Required work:
The copy has to match the data exactly and leave out every picture.

Raw data:
• • •

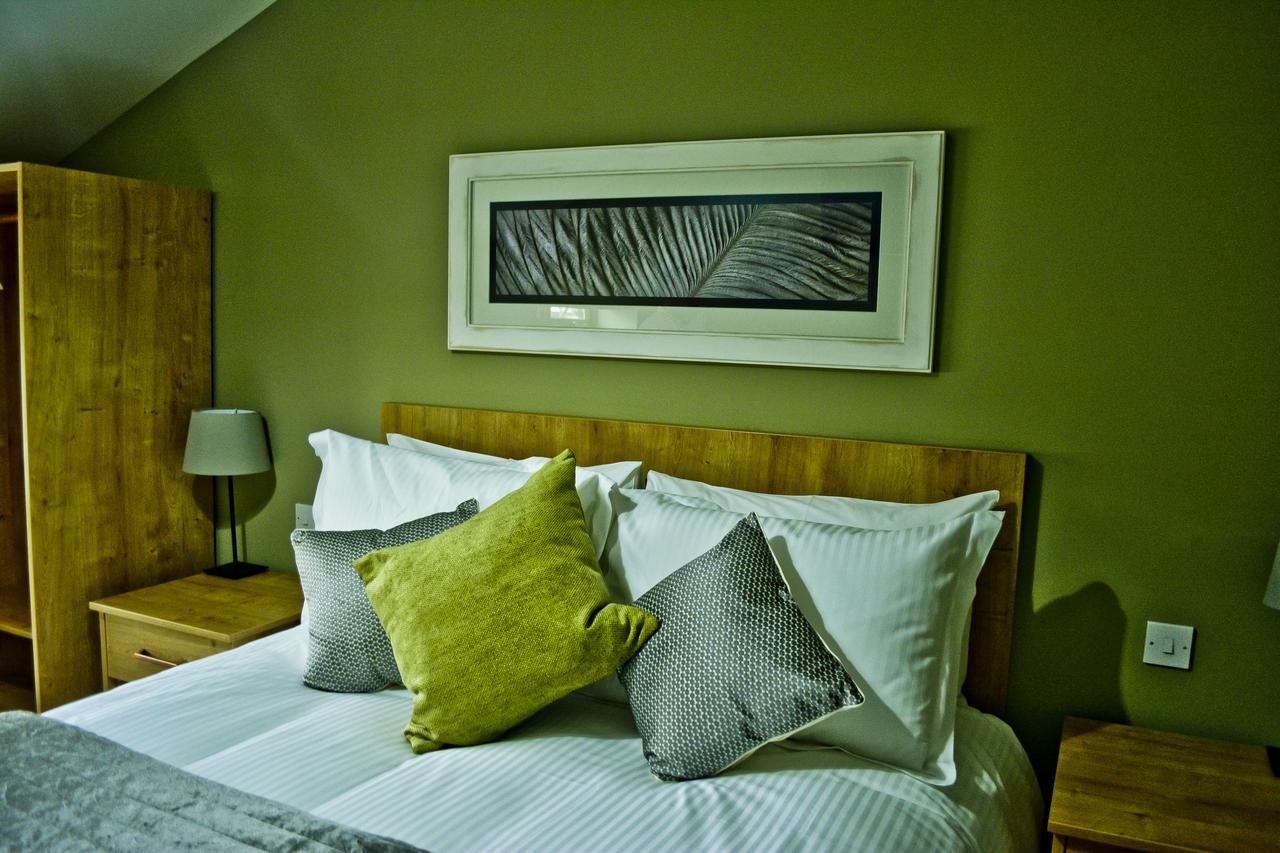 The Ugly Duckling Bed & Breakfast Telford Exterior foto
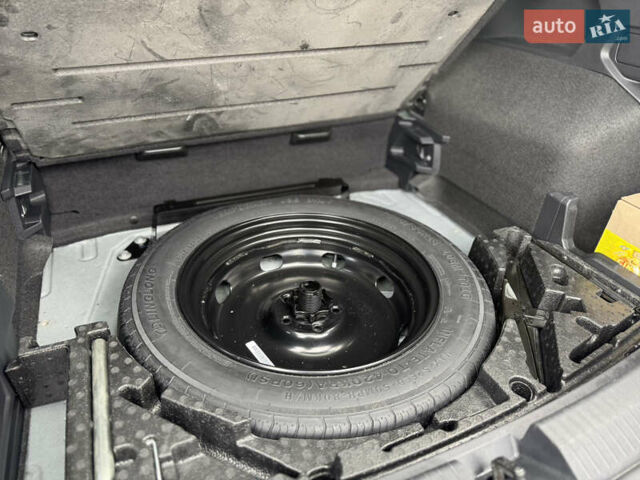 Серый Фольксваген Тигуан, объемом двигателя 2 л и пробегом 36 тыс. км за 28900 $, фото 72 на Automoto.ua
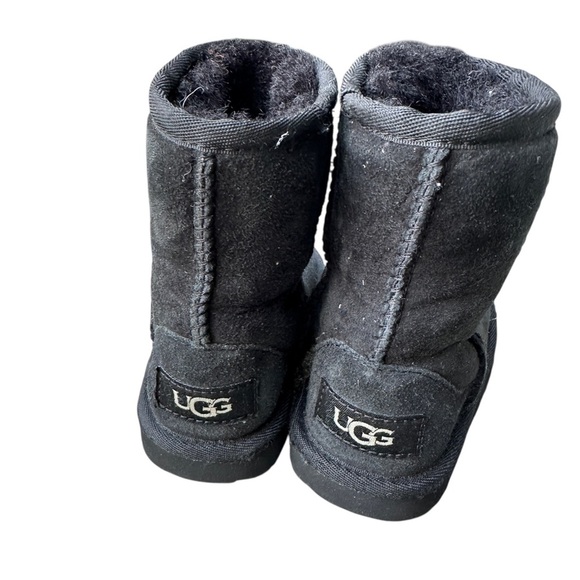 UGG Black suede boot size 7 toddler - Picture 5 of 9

• • •

Output below:
 The Ugly Duckling Bed & Breakfast Telford Exterior foto
 Серый Фольксваген Тигуан, объемом двигателя 2 л и пробегом 36 тыс. км за 28900 $, фото 72 на Automoto.ua
 UGG Black suede boot size 7 toddler - Picture 5 of 9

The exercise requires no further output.